Qantas has announced a $400 million sustainability fund and is calling for the Australian government to mandate blending sustainable aviation fuel (SAF) to cut carbon emissions.
Unveiled as part of the airline’s 2023 Investor Day, the fund will include Qantas’s existing $290 million partnership with Airbus to develop an Australian SAF industry, and will add an extra $110 million for projects such as “high-integrity carbon offsets, offshore SAF investments, and operational efficiency technologies”.
Qantas Group chief sustainability officer Andrew Parker said the airline needs to “turbocharge” its climate efforts to reach its goal of a 25 per cent cut in emissions by 2030 and net zero by 2050.
“We’re backing our targets with an expanded investment of up to $400 million to help projects get off the ground, because it’s new technologies and bringing proven solutions to scale that will deliver the emissions reductions we need, and protect the future of travel in the process,” he said.
“Governments around Australia are making important progress on working with industry to help decarbonise, and we welcome that. Creating markets for new fuels is a critical part of tackling climate change, which is why we’re today calling for a SAF mandate to be introduced to catalyse the development of the industry.”
Parker noted that several of its destination countries already have SAF blending mandates of five to 10 per cent by 2030, and that Australia is well-placed to create a domestic SAF industry.
“Without the right policy settings and signals we will see investment, projects and feedstocks move offshore to places with specific policy support.
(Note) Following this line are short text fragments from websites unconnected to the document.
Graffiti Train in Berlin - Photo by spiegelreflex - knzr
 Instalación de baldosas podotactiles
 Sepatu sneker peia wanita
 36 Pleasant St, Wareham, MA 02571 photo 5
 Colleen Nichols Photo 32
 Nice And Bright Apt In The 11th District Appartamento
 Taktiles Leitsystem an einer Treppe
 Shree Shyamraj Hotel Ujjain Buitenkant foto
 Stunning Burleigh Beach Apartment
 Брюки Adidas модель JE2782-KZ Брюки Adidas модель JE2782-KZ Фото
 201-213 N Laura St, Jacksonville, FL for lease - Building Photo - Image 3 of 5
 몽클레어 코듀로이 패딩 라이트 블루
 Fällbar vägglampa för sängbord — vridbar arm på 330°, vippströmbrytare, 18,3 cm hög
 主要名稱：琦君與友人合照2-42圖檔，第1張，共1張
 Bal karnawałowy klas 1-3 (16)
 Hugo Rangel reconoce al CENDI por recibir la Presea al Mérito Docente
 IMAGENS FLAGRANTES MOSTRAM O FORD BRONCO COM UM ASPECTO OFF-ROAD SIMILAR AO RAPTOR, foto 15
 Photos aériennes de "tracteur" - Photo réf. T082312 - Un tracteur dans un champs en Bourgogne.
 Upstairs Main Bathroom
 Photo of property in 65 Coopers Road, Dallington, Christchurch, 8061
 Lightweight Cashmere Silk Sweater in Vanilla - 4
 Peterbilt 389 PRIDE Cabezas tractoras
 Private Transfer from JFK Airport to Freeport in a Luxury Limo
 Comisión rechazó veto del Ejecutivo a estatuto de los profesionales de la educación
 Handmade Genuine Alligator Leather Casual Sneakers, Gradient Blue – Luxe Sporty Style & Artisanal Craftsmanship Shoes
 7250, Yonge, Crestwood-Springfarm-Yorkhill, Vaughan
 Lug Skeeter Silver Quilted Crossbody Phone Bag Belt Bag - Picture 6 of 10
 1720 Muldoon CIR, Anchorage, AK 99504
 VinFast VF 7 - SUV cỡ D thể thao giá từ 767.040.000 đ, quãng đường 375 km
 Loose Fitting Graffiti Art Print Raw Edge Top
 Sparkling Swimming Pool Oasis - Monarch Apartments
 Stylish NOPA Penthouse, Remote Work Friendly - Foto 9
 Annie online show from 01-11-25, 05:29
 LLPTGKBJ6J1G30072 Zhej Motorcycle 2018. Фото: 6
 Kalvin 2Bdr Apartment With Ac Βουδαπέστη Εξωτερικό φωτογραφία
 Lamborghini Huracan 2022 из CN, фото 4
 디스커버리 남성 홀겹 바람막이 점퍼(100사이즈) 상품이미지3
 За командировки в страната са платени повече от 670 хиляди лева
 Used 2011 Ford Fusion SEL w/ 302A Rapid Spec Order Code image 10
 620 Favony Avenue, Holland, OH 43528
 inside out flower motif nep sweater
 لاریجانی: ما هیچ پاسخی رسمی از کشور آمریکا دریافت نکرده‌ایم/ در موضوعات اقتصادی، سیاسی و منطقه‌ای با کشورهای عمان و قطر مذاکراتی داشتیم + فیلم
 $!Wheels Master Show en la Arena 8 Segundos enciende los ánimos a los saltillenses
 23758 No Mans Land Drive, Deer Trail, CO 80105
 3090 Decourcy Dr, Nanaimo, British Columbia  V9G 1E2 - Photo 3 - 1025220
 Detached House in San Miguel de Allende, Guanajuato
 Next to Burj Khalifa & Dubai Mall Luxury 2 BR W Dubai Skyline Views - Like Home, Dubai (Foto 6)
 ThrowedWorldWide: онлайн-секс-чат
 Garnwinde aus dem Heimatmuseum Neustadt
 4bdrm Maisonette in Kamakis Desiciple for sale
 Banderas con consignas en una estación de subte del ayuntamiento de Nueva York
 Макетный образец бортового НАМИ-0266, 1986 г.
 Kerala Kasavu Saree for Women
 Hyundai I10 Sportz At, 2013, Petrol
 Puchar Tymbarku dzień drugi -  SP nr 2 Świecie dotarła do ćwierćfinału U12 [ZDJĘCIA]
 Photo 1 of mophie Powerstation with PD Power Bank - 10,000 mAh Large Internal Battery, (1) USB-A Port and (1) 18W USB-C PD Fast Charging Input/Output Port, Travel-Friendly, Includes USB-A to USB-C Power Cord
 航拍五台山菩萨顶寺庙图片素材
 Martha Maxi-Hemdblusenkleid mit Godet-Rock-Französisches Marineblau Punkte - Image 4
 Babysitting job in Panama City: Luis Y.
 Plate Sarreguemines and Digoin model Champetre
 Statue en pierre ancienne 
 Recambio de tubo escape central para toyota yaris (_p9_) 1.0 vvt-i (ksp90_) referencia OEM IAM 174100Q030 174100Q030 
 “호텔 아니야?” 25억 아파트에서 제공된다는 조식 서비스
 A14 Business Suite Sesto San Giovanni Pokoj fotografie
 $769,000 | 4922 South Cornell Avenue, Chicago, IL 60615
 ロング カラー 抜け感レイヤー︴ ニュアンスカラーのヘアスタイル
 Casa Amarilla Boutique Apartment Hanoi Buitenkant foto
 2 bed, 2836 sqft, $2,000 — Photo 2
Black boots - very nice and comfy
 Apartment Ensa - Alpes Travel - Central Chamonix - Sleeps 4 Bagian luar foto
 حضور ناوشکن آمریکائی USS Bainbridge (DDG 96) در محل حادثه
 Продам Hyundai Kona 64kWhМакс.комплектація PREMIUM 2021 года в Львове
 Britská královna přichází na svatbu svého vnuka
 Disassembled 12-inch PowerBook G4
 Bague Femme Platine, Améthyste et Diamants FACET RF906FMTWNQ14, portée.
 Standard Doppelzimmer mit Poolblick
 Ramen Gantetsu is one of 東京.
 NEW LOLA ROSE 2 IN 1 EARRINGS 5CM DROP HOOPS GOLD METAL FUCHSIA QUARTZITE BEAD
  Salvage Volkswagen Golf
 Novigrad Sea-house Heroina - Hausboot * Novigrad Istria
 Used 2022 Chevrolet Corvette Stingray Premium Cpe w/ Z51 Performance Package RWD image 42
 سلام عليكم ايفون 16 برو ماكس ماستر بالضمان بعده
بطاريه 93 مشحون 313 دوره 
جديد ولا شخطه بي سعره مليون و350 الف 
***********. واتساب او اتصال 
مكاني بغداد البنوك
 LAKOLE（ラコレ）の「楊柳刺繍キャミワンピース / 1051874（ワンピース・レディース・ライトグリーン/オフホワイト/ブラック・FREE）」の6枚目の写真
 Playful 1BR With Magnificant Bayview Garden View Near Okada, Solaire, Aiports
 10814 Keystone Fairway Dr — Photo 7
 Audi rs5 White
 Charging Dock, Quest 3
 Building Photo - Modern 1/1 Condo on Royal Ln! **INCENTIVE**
We look forward to working with government and the rest of the industry to ensure we capitalise on this opportunity for Australia,” he said.
Qantas and Airbus earlier this year announced they will jointly invest $2 million to help create what will likely be the first sustainable aviation fuel (SAF) production facility in Australia.
The site in Queensland will transform agricultural by-products, including sugarcane, into up to 100 million litres of SAF annually. Construction is expected to start as soon as next year.
The Flying Kangaroo said the money would be used for a feasibility study and “early-stage project development”, but told reporters it’s confident the project will go ahead.
Qantas currently purchases its sustainable fuel from overseas, including 10 million litres for flights out of London annually.